Keunggulan Teknologi Thorium
- Keamanan Tinggi:
- Reaktor thorium berbasis garam cair tidak memerlukan tekanan tinggi, sehingga risiko ledakan seperti di Chernobyl atau Fukushima sangat kecil.
- Jika terjadi kegagalan sistem, garam cair dapat dialirkan ke tangki pembuangan dan membeku secara alami, menghentikan reaksi nuklir tanpa intervensi manusia.
- Limbah Lebih Sedikit:
- Limbah radioaktif dari thorium memiliki masa hidup jauh lebih pendek dibandingkan limbah uranium (ratusan tahun vs. puluhan ribu tahun).
- Produksi plutonium—bahan yang dapat digunakan untuk senjata nuklir—juga hampir tidak ada.
- Ketersediaan Bahan Baku:
- Thorium tiga hingga empat kali lebih melimpah di alam dibandingkan uranium, dengan cadangan besar di negara seperti China, India, dan Australia.
- Efisiensi Energi:
- Thorium dapat “dibakar” lebih lengkap dalam reaktor garam cair, menghasilkan energi yang lebih besar dari jumlah bahan bakar yang sama dibandingkan reaktor uranium tradisional.
- Fleksibilitas:
- Reaktor thorium dapat dirancang dalam skala kecil (modular), cocok untuk daerah terpencil seperti Gurun Gobi.
Tantangan Teknologi Thorium
Meski menjanjikan, teknologi ini belum sepenuhnya matang secara komersial karena beberapa kendala:
- Korosi: Garam cair pada suhu tinggi dapat merusak material reaktor, sehingga diperlukan logam atau paduan khusus yang tahan korosi, seperti Hastelloy.
- Pengolahan Bahan Bakar: Proses konversi thorium menjadi uranium-233 memerlukan teknologi canggih untuk memisahkan protactinium-233, yang masih dalam tahap pengembangan.
- Investasi Awal: Meskipun thorium melimpah, infrastruktur untuk reaktor garam cair membutuhkan investasi besar dan waktu pengembangan yang panjang.

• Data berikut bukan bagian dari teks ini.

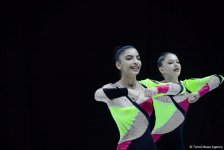 В Баку продолжаются соревнования в рамках Чемпионата Европы по аэробной гимнастике (ФОТО)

- Pengalaman Terbatas: Reaktor thorium belum dioperasikan secara luas. Eksperimen awal dilakukan di Oak Ridge National Laboratory (AS) pada 1960-an, tetapi teknologi ini ditinggalkan demi uranium karena kebutuhan militer saat itu.
Penerapan di China
China memulai proyek reaktor thorium garam cair pertamanya pada 2011 di Shanghai Institute of Applied Physics. Reaktor percobaan pertama berkapasitas 2 MW selesai pada 2021, dan versi 10 MW sedang dibangun di tepi Gurun Gobi, dengan target operasional pada 2030. China berencana menggunakan energi ini untuk mendukung kebutuhan listrik di wilayah terpencil sekaligus mengurangi emisi karbon dari pembangkit batubara.
Potensi Masa Depan
Jika berhasil, teknologi thorium bisa menjadi game-changer dalam energi nuklir. Dengan keamanan yang lebih baik, limbah yang lebih sedikit, dan bahan bakar yang melimpah, thorium berpotensi menggantikan uranium sebagai pilihan utama untuk pembangkit listrik nuklir di masa depan. Bagi China, keberhasilan di Gurun Gobi bisa menjadi model bagi dunia dalam memanfaatkan energi bersih yang berkelanjutan.